Withhold information, deceive the examiner, and lose your patent

Abbot Laboratories fought for 14 years (receiving 12 rejections) to get a patent allowed, only to have the patent found unenforceable because Abbot’s patent attorney withheld key information in connection with the patent filing. Lesson: disclose information which may be material to the patentability of any of your claims, as required under 37 CFR 1.56.

Links: Law.com article.

Patent Troll Tracker blogger is Cisco patent attorney

The former anonymous blogger of Patent Troll Tracker has been outed as a patent lawyer at Cisco Systems. He was unmasked after a $15,000 bounty was offered by a senior partner at a law firm criticized on the blog after he filed suit for a client against Google. The blog has been taken down.

Links: Patent Troll Tracker, law.com article.

Posted: 2/26/2008 in:

IP Investment Banking - Patent Brokerage Firms

A partial list of who is acquiring, licensing, and enforcing patents:

Acacia Research Corporation
IPotential
Inflexion Point
Altitude Capital Partners
Ocean Tomo
Rembrandt IP Management
NW Patent Funding Corporation
Intellectual Ventures
Gathering2.0 (online community for monetizing IP assets)

Articles:
Patent Attorneys, Clients Banking on IP Brokerages (law.com)
Patent Pirates (forbes.com)

New Claims and Continuation Rules Temporarily Blocked

U.S. District Judge James Cacheris granted GlaxoSmithKline’s motion for a preliminary injunction blocking the U.S. Patent and Trademark Office from implementing the rules set to go into effect today. Glaxo filed its suit against the U.S. Patent and Trademark Office and its director, Jon Dudas, earlier this month. The company plans to seek a permanent injunction.

Link: Law.com article.

Blockbuster Settles With Netflix in Patent Suit

Blockbuster and Netflix have settled their patent dispute stemming from a complaint filed last year by Netflix. Netflix alleged that Blockbuster was infringing on its patents US7,024,381 and US6,584,450.

Links: Complaint, US7,024,381, US6,584,450.

Posted: 6/27/2007 in:

Supreme Court Decision: KSR v. Teleflex

If you haven’t heard already, the Supreme Court’s recent decision makes it easier to invalidate already issued patents, and will likely make it more difficult to obtain patents. More to come later.

Links: KSR v.

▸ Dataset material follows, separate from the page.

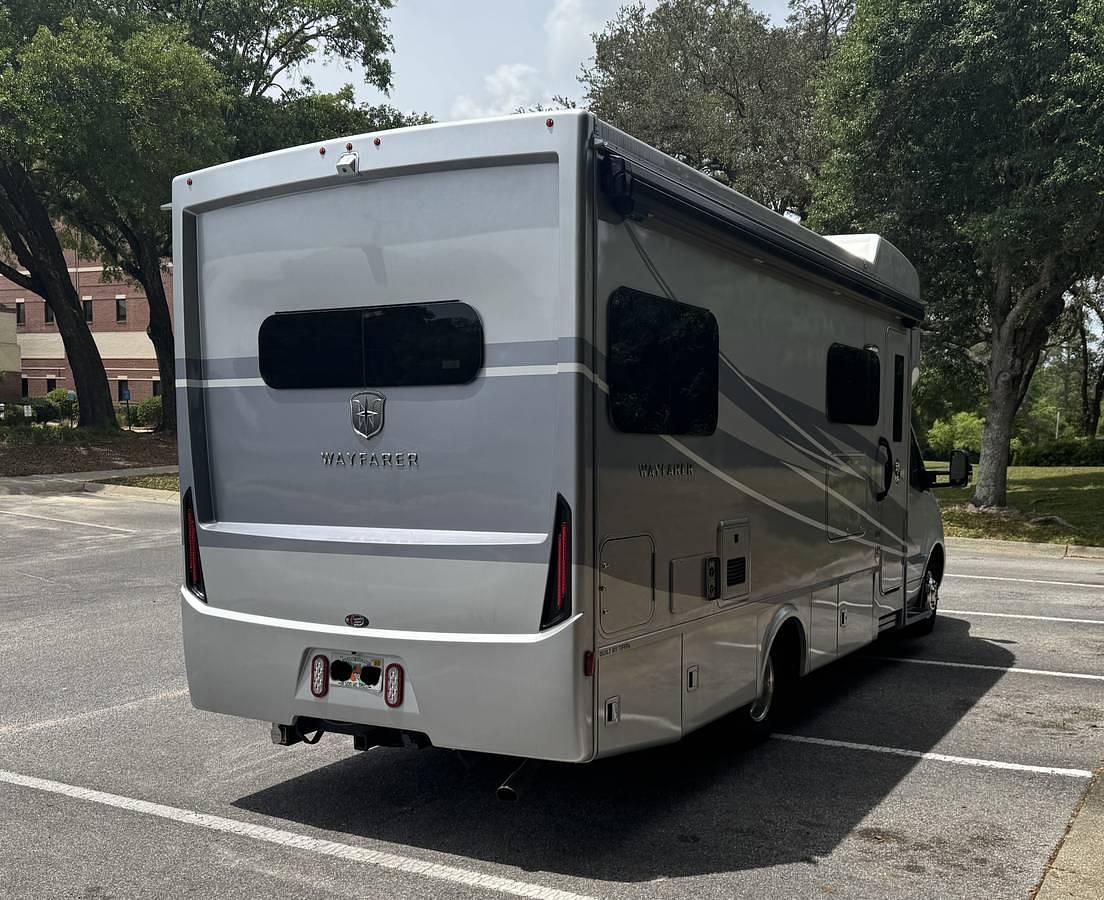 Used 2023 Tiffin Wayfarer 25tW
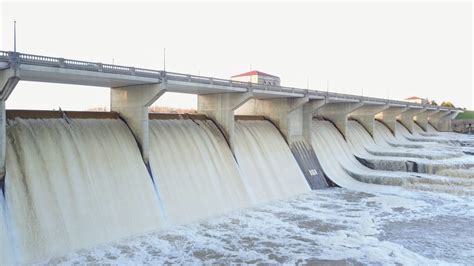 The o'shaughnessy dam is located on the scioto river near dublin, ohio, united states. O'Shaughnessy Dam Spillway After Heavy Rains in Ohio - YouTube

Teleflex decision, Transcript of oral arguments.

“Patent Court” Makes Oral Arguments Available as MP3s

The United States Court of Appeals for the Federal Circuit (CAFC) is posting oral arguments in mp3 format. All future argued cases will be available twenty-four hours after argument is completed.

The CAFC has nationwide jurisdiction in a variety of subject areas, including international trade, government contracts, patents, trademarks, certain money claims against the United States government, federal personnel, and veterans’ benefits.

If you would like to browse all cases, simply enter the letter “v” in the Caption field of the search page and click on “Search”.

Links: Oral Arguments MP3s, CAFC.

Idea exchanges, collaborative inventing, and prior art

Websites such as shouldexist.org enable users to publish their inventive ideas and collaborate with others to refine and develop their inventions. Users may donate their time and money to the website and to specific projects. Of particular interest is that all discussions and projects are documented, dated, published on-line, and publicly available; this, and any other on-line publication, is considered prior art (MPEP 901.06, 2128 ). While it is unlikely that any patent office, patent attorney, or professional prior art searcher is currently searching this and similar websites, such sites should be searched prior to and during the drafting of any patent application. The public disclosures on sites such as shouldexist.org may also prove valuable in questioning the validity of patents during reexaminations and patent infringement proceedings.

Links: shouldexist.org, halfbakery.com, idea-a-day.com, brightidea.com, creativitypool.com, Idea Banks on dmoz.org, thinkcycle.org, globalideasbank.org.

Yale University Wins Nobel Prize Winning Patent

The dispute with former Yale professor and Nobel Laureate John B. Fenn over a Nobel Prize winning invention has ended. Yale University was assigned ownership of a key patent and awarded $1 million in damages. John B. Fenn shared the Nobel Prize in Chemistry in 2002 for his work in mass spectrometry.

Posted: 2/22/2005 in:

Rock and Roll Trademark Ruckus

The Rock and Roll Hall of Fame is suing the Jewish Rock and Roll Hall of Fame for alleged trademark infringement. No matter who wins this one, there are many Jews Who Rock. Who said intellectual property is boring? Rock on.